Olga was also provoked by another incident concerning Kostya. She discovered that he had a whole packet of letters from Ilya that had been sent poste restante to the local post office, which happened to be on the first floor of their building. The first thing she did when her hands and legs stopped trembling was to read the letters. They were long letters, wonderfully expressive—the thoughts and impressions of someone who has left the Soviet Union for the first time. The first letter he wrote Kostya, from Vienna, was very similar to the letter he had written Olga. He wrote about feeling that it was all a mirage, about his sense of disorientation about what was real and what was not, in a place where everything was so different from what his eyes, his nose, his mouth had been accustomed to till now. In another letter, written to Kostya on the eve of his departure from Vienna to America, she read something that cut her to the quick—that “the ability to survive here, in the West, is a function of one’s willingness to reject everything one experienced before, in Russia.” Now she herself was a part of what had to be rejected in order for him to survive.
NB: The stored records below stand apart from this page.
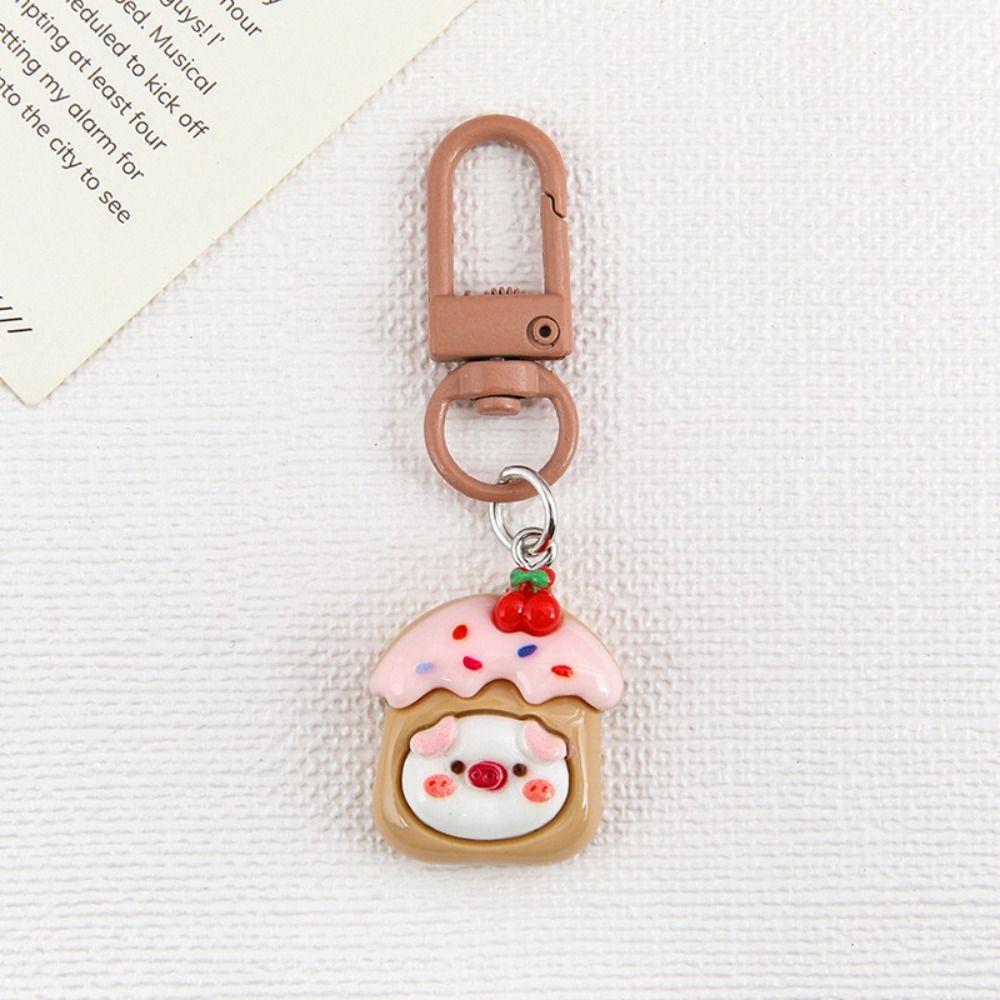 Resin Piggy Doll Keychain Creative Cartoon Doll Pendant Portable Pig Car Key Hanger Gift
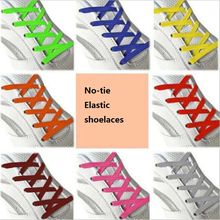 1pair 100CM Flat Stretching Locking no tie lazy shoeLaces sneaker Bootlaces Elastic Rubber Shoe lace children safe shoelace 2024 - buy cheap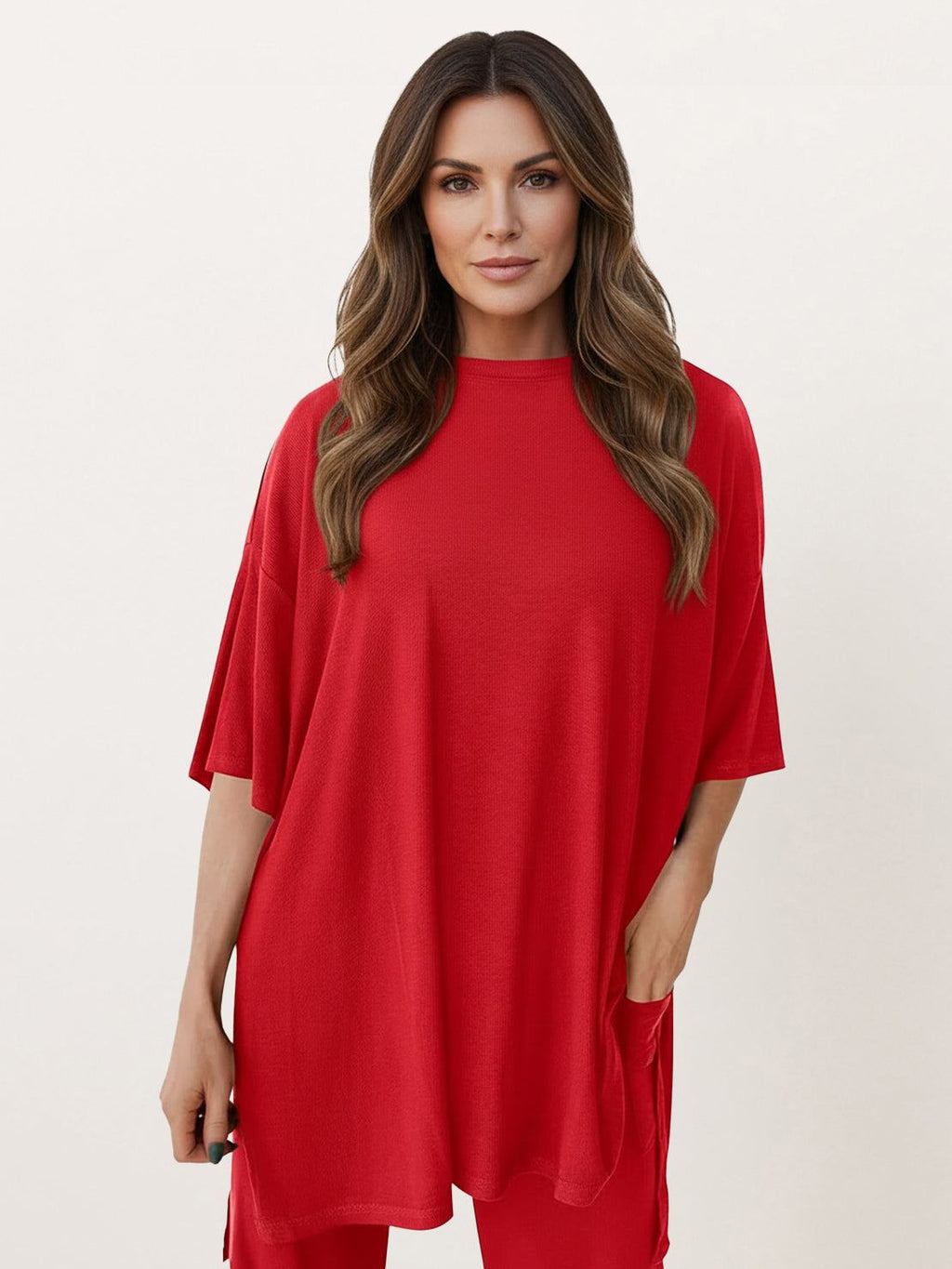 Zestaw Loungewear w Oversize z Długim Pulowerem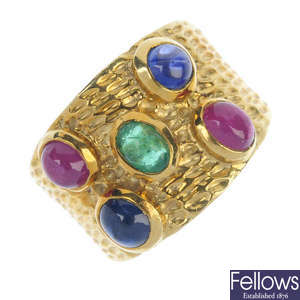 A sapphire, ruby and emerald dress ring.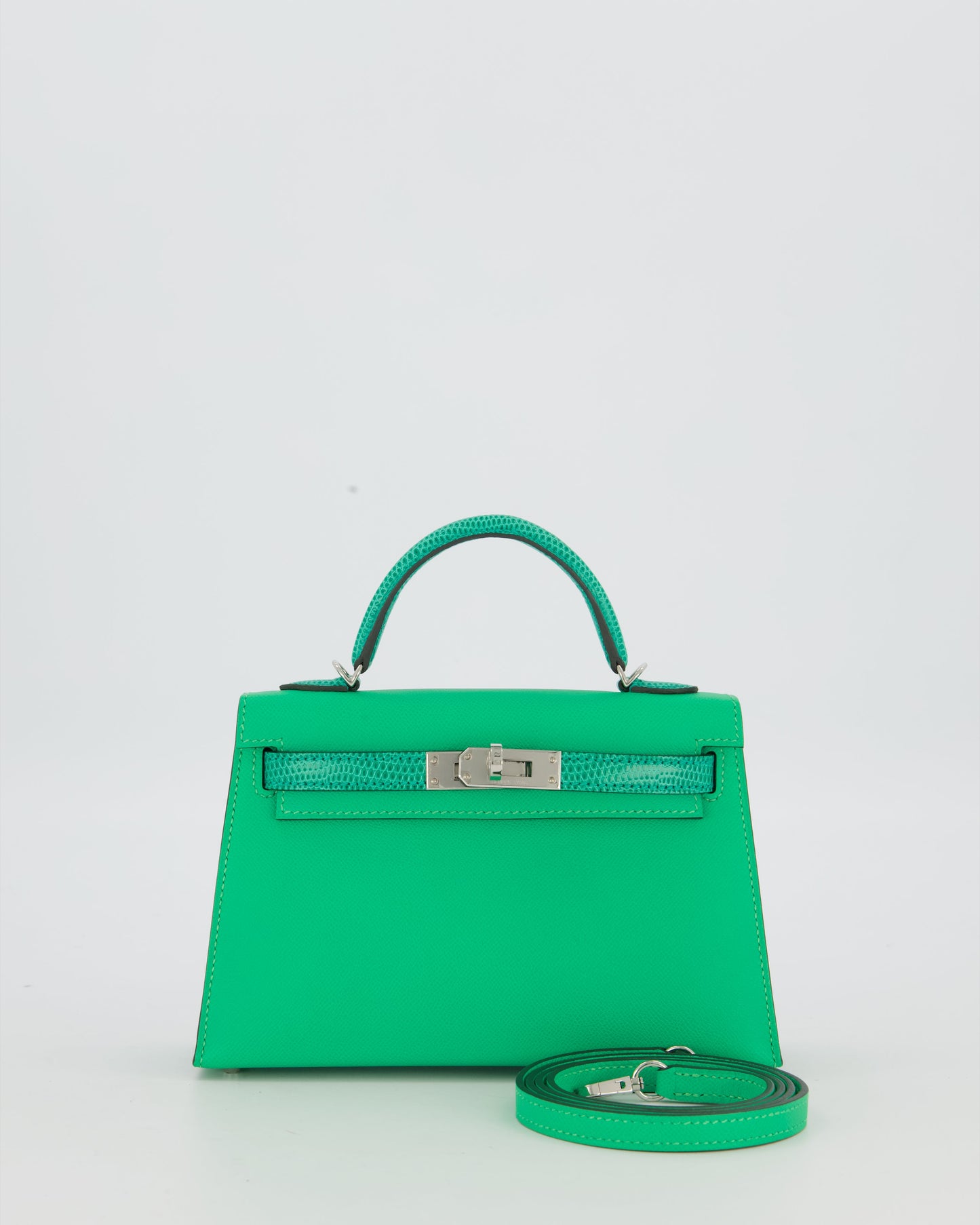 *RARE* Hermes Mini Kelly II 20 Touch Bag in Vert Comics Madame and Vert Jade Niloticus Lizard Leather with Palladium Hardware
The next letters were from New York, and much of what he wrote coincided with what he had written to her—about the tragic incommensurability of the two cultures, Russian and American; about the “superficiality” of American culture, not in the banal, generally accepted sense of that term, but from the perspective of superficiality as such: the scrubbed and deodorized surface of the American body, which smelled like chemicals and laundry detergent; the blinding cleanliness of the asphalt; and the fact that every cover, wrapper, or envelope was just as important as what it contained. About how he had once searched all day for a subject to photograph, and finally found one: an enormous heap of garbage, both cast-off building materials and ordinary household refuse, right in the middle of Harlem, with a smiling, toothless black man in a snowy white tank top, his hands gripping a banjo, in the foreground.

The last letter from America was sad and strange. Ilya wrote to the still very young Kostya: “Only shedding your skin completely, acquiring a new surface with new feelers, can ensure your survival here. However strange it might seem, the same does not hold true for one’s inmost self. You can keep your thoughts, however original, however jarring to their sensibilities and at odds with their incomprehensible (to me) way of life, to yourself. No one is interested in them in the least. In order to become part of this society, you just have to carry out their elementary rituals of communication. The idiotic ballet of Western life. I am prepared to do this, though it forces me into a number of painful decisions.”

After reading these letters, Olga felt as though the scales had fallen from her eyes. She even found herself thinking that it might have been easier for her to endure this rupture with Ilya if he had really fallen in love with some brilliant, youthful beauty. But she nipped this feeling in the bud—no, it would have been just as painful. In the long run, wasn’t it all the same, whether he had turned away from her because of a new love or only out of self-interest? Either way she was bereft. The real reason for his departure always eluded her. Her love, trust, naïveté, and spiritual innocence prevented her from seeing it.